Ti alloys are light materials with almost half the density of Ni-based superalloys and steel. In addition to low density, Ti alloys possess good oxidation resistance and creep properties up to 873 K; hence, they are used for the blades and disks in compressors in aircraft engines in the temperature range between 673 and 873 K1). However, above 873 K, the oxidation and creep resistance of Ti alloys decrease drastically1); thus, it is important to improve the strength, creep resistance, and oxidation resistance above 873 K.
Generally, near α-Ti alloys with an hcp structure are used for high-temperature applications because of the limited slip plane. Solid solution hardening by Al, Sn and Zr and precipitation hardening by α2-Ti3Al and/or silicide are used to improve the high-temperature strength and creep resistance of the α phase.
Oxidation behavior of conventional α-Ti alloys such as IMI 834 and Ti1100 was investigated, and the oxide scales of both alloys were found to consist of porous mixed oxides with a coarse-grained rutile TiO2 growing at the outer surface2). The oxidation kinetics of these alloys is dominated by TiO2 formation2). It was also found that the oxidation of Ti-6Al-4Nb followed linear-parabolic kinetics between 973 and 1123 K3). The oxide scale formed on Ti-6Al-4V consisted of alternating layers of Al2O3 and TiO2. Al2O3 always formed at the external gas/oxide interface; on the other hand, TiO2 always formed at the oxide/substrate interface3).
Alloying is one way to improve the oxidation resistance of α-Ti alloys. For example, Nb is found to improve the oxidation resistance of α-Ti4,5). Nb impedes the growth of TiO2 in Ti-1, 2 mass% (0.5, 1 at%)4) and Ti-5, 10 at%5). There have been many reports on the effect of Nb on α2-Ti3Al and γ-TiAl5–7). However, there are few investigations of the effect of Nb on α-Ti-Al alloys.

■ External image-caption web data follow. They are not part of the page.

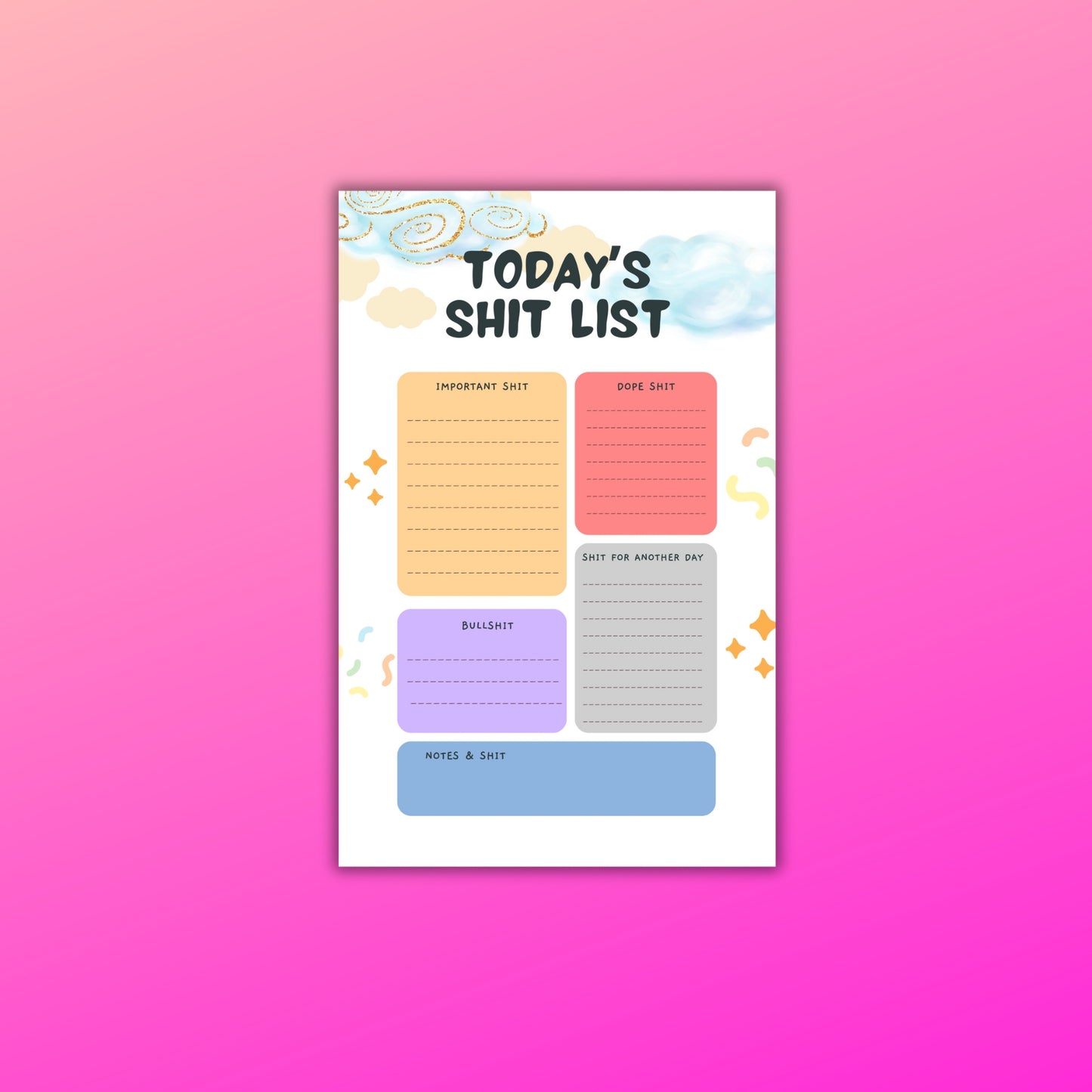 SHIT LIST Notepad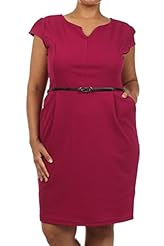 Plus Size Polyester/Spandex Notched Notched Collar Belted Cap Sleeves  Dress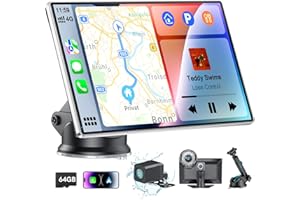 9" Portable CarPlay Screen for Car, CooCom UHD Car Stereo with Touch Screen with Apple CarPlay&Android Auto,4K Dash Cam,1080P Backup Camera,Mirror Link, Voice Control, Bluetooth 5.3,GPS,FM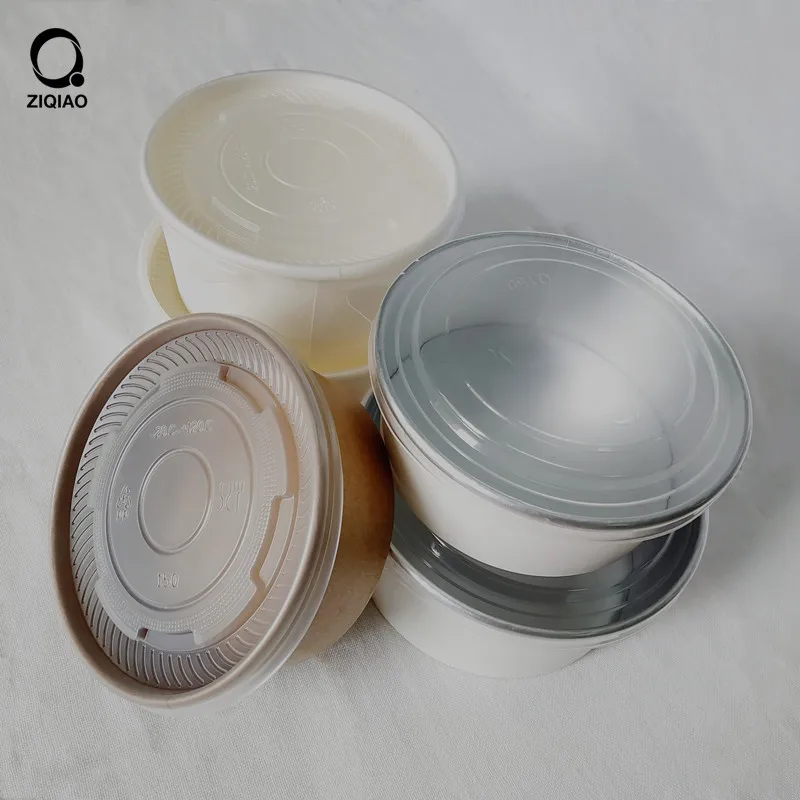 Disposable food grade  waterproof kraft paper bowl with inner plate with clear Lid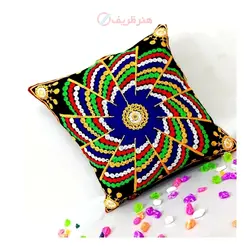 کاور کوسن سوزندوزی پارچه مخمل طرح ماندلا  کد 1-5 طرح جدید و پارچه درجه یک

In our previous study, we investigated the oxidation behavior and phase equilibrium of Ti-Al-Sn-Nb quaternary alloys8). We found that the mass change during isothermal oxidation tests at 1023 K was smaller in the alloy with high Nb content. We also found that Sn accelerated oxide growth. Since then, attempts have been made to design alloys with less Sn and more Nb. The phase equilibria and oxidation behavior of Ti-Al-Nb ternary alloys were also investigated to understand the effect of Nb on the α phase9). It was found that the α and α2 two-phase region was smaller than that in the calculated ternary phase diagram10). In Ti-15Al-2Nb (at%), nano-scale α2 precipitates were formed. The oxidation rate of the Ti-15Al alloy was decreased to less than 10% of its original value by the addition of 2 at% of Nb.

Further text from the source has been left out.